Content should establish a real estate agency as the expert in luxury homes in their area. A potential client should not need to go to any other site to get all the information they could possibly want. Some specific examples of content to include:

  • Best areas to buy in your area if a person is a first-time home buyer, purchasing a vacation home, or retiring -- and why
  • Detailed descriptions of the various neighborhoods
  • The type of lifestyles (outdoorsy, golf-centric, laid-back surf bum, sophisticated culture, etc.) that are prevalent in communities
  • The average price per square foot of different locations
  • Descriptions and locations of schools
  • The recreation options and amenities available in or near each community
  • The sporting events around the area and where to go to catch one

By making sure your site is a helpful resource, rather than only using it as an advertisement for listings, you can jump way ahead of your competition. Here's a superb example of a property management website that understands the importance (and necessity) of relevant content. (They go as far as offering a guide for commuters with links to various public transportation options!)


The Keyword Conundrum

The beginning of the post described how difficult it can be to get quality real estate leads using keywords. But that doesn't mean it's impossible.
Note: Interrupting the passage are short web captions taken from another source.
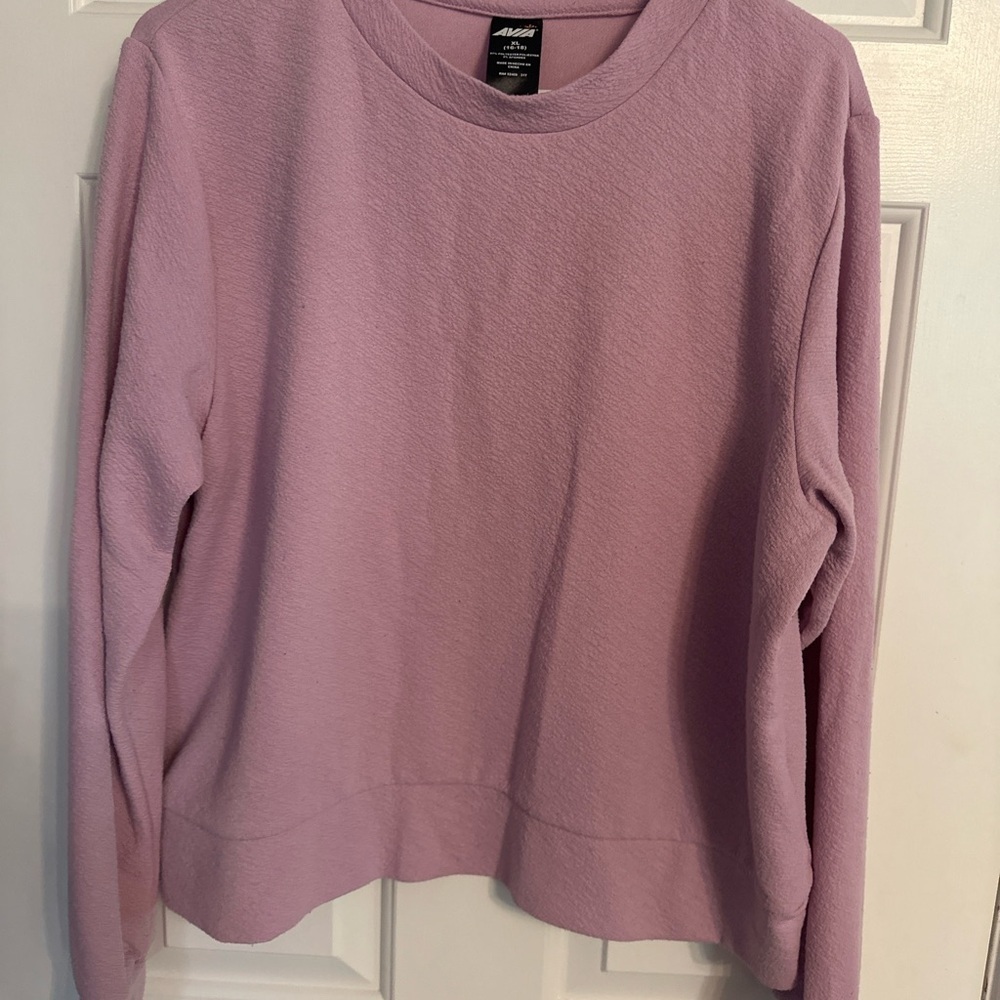 Avia Pink Sweatshirt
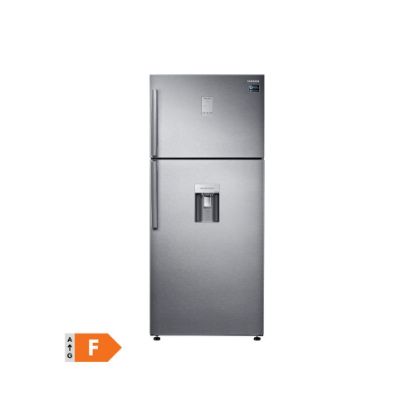 Picture of Réfrigérateur 2 portes avec distributeur d'eau No Frost 526L Samsung RT53K6510SL - inox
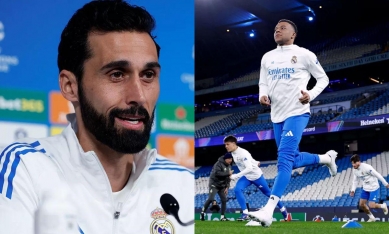 HLV Alvaro Arbeloa: 'Mbappe đã sẵn sàng, Man City hãy đợi đấy'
In fact, if you focused on the suggestions discussed in this post, your website is now much more keyword friendly. And not because you stuffed your pages with them. It’s because your site now caters to the ideal audience, not the Googlebot.


What are some other ways you’ve had success in optimizing your website? Do you feel that the real estate industry is behind when it comes to digital marketing? Please share your thoughts with the rest of us.

Denise Ho
Real Estate eBroker Services - San Diego, CA
Real Estate Agent

Great article Vicki Allsopp 

Sep 17, 2018 01:40 PM
Eileen Begley
Coldwell Banker, DelMonte - Carmel, CA
Monterey Real Estate

Good post. I particularly liked your ideas on "relevant" content. Gave me some ideas for new more interesting posts for my site. So thanks!


Sep 19, 2018 06:56 PM
Vicki Allsopp

Thanks for reading, Eileen. And I appreciate the feedback, as well. 

(I'm originally from the Central Coast (SLO) so I know you've got a lot of great blog material to work with over there in the Carmel/Monterey area!)